The mounting cost of keeping the inner city clean was the driving force behind the Cape Town Central City Improvement District’s (CCID) cleaning campaign, #KeepItClean, which started this week and runs until the end of the year.

CCID chief executive Tasso Evangelinos said R30 000 was spent daily in keeping the city clean.


“The CCID sweeps and picks up, on average, 2 400kg of litter from the streets in town seven days a week at a cost of R30 000 a day, which amounts to nearly R11 million a year. What a waste,” Evangelinos said.

He said the aim of the campaign was to raise public awareness about the importance and ever-increasing cost of keeping the central city clean. “We collect bags dumped illegally, litter spilling out of black wheelie bins and general rubbish in the streets and have to contend with things like fluorescent bulbs and tubes, dirty styrofoam containers, big boxes and cardboard,” Evangelinos said.

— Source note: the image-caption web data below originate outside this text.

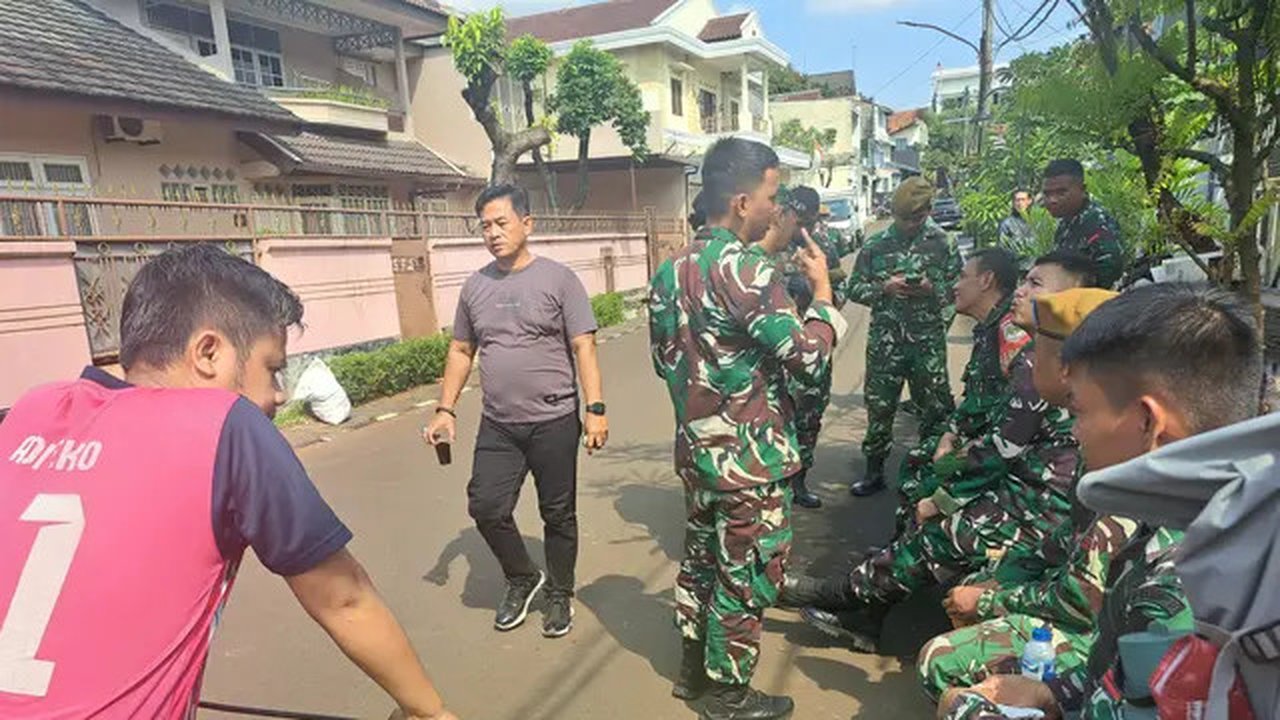 Rumah Menkeu Sri Mulyani dijaga ketat TNI usai dijarah massa. (Liputan6.com/Pramita Tristiawati)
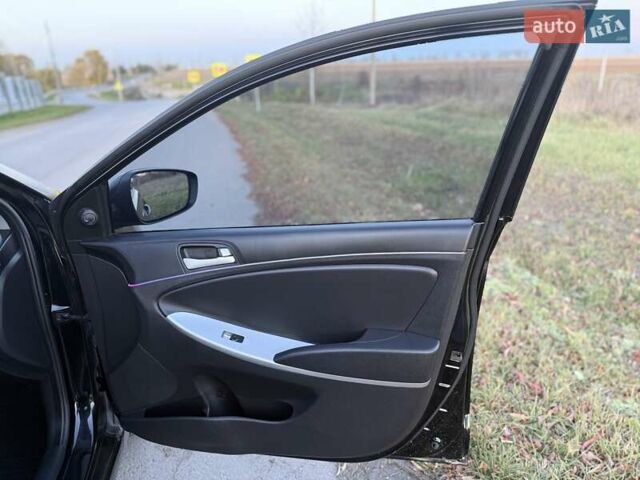Черный Хендай Акцент, объемом двигателя 1.4 л и пробегом 87 тыс. км за 7250 $, фото 79 на Automoto.ua
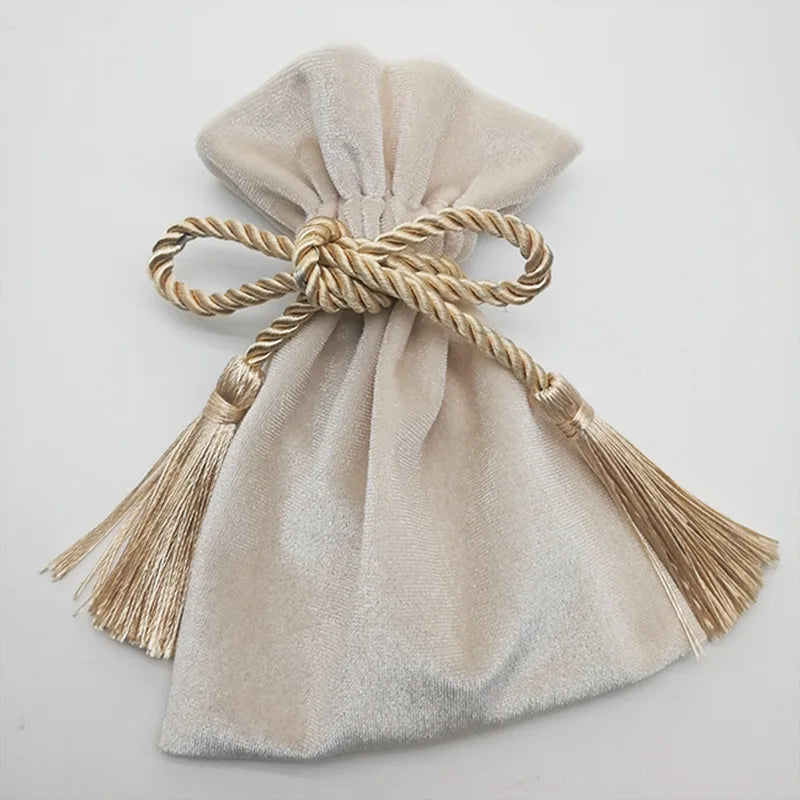 CSMD Chinese Manufacturers 11x15cm Wholesale Velvet Beauties Packaging Beige Color Velour Drawstring Dust Bag with a Gold Tassel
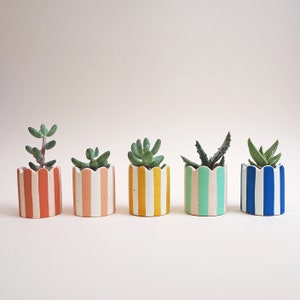Mini Scalloped Stripy Pot/Tea light holder - Choose Your Colours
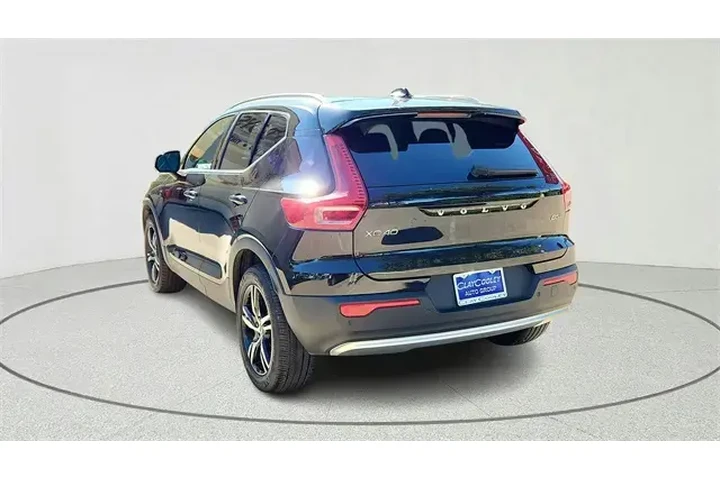 $23683 : Volvo XC40 2024 AWD B5 Core image 5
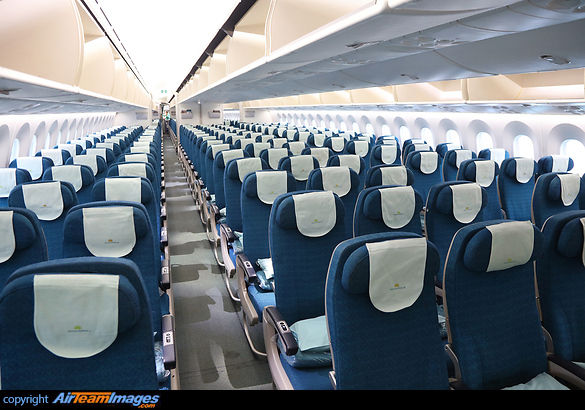 Boeing 787-9 Dreamliner Boeing 787-9 Dreamliner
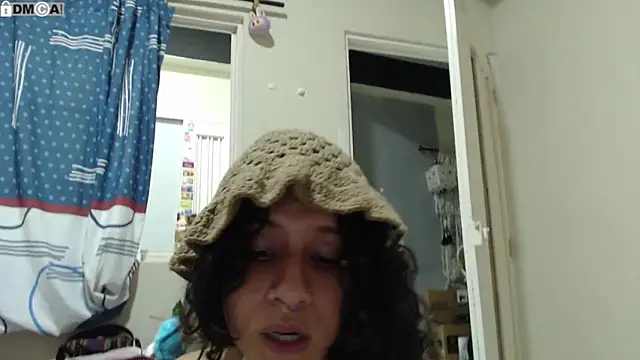 AlinaWoolf_'s Live XXX Chat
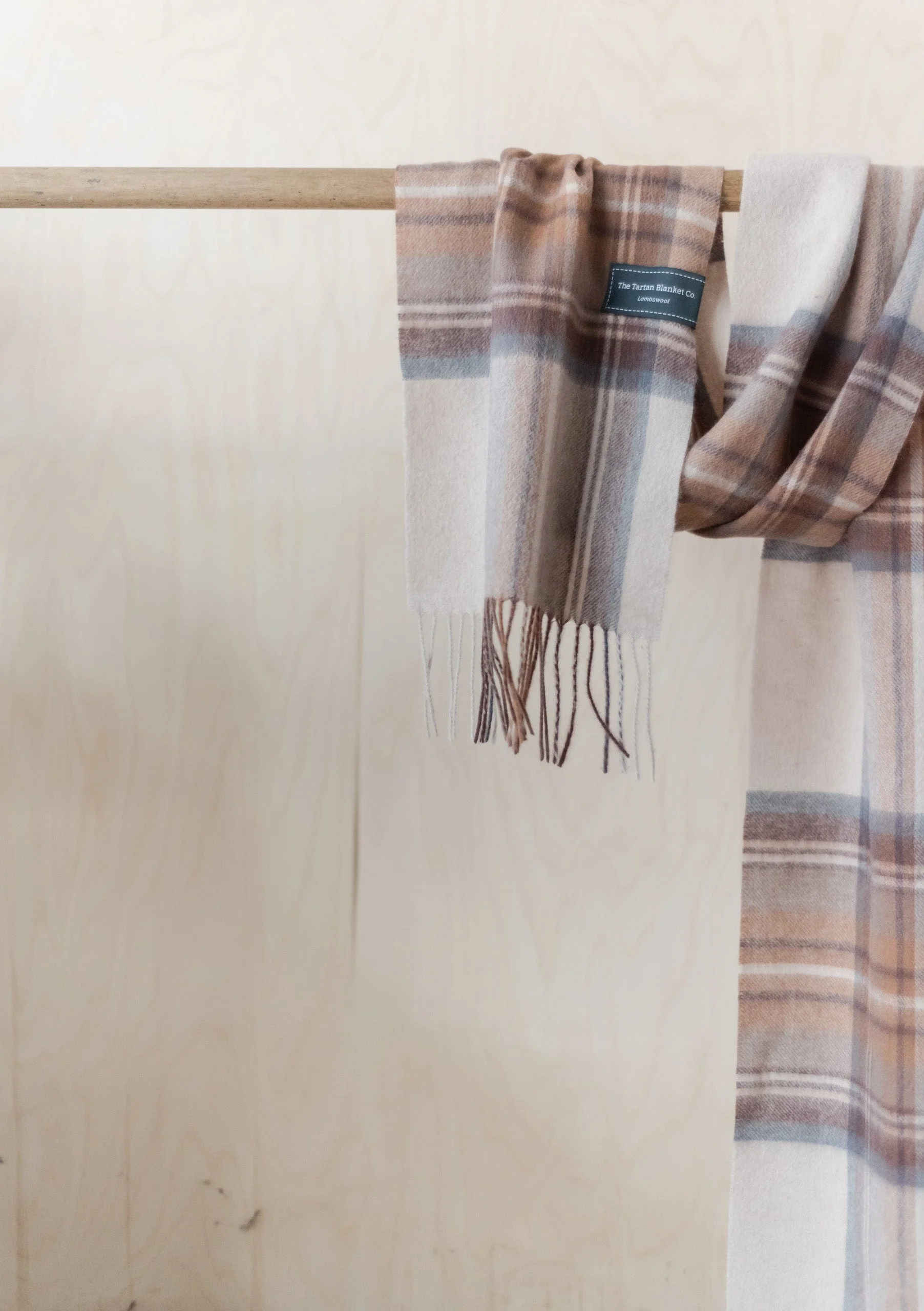 Men's Lambswool Scarf in Stewart Natural Dress Tartan - Image 2
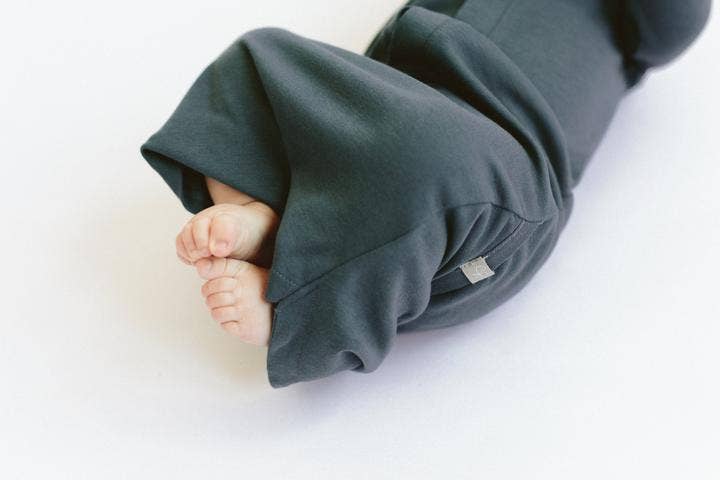 Goumi 24 Hour Convertible Sleeper Baby Gown - Midnight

He warned that if Capetonians continued to litter at the pace they were now, the city would run out of landfill space with all ratepayers and businesses “paying the price in increased rates and taxes”. With the 2019 campaign, the CCID targeted illegal dumping, general littering and refuse, and cigarette waste.


Richard Beesley, manager of CCID urban management, said the campaign played a crucial role in raising public awareness about keeping Cape Town clean.

“This year’s campaign reiterates the ‘it’s time to come clean’ message that the CCID has been promoting for the last two years. We are once again repeating it and will do so until people get the message loud and clear,” Beesley said.


Beesley said the main challenges remained littering, cigarettes and illegal dumping.

“An enormous volume of cigarette butts still end up on the ground through illegal dumping - far more than the 300kg our cleaners collect from our bins every month,” he said.

Beesley said that while the work of the CCID’s teams was commendable, the aim of the #KeepItClean campaign was to bring about behavioural change. “We would like people to ‘come clean’ and become litter-conscious so we can get to a point where campaigns like this aren’t needed anymore.”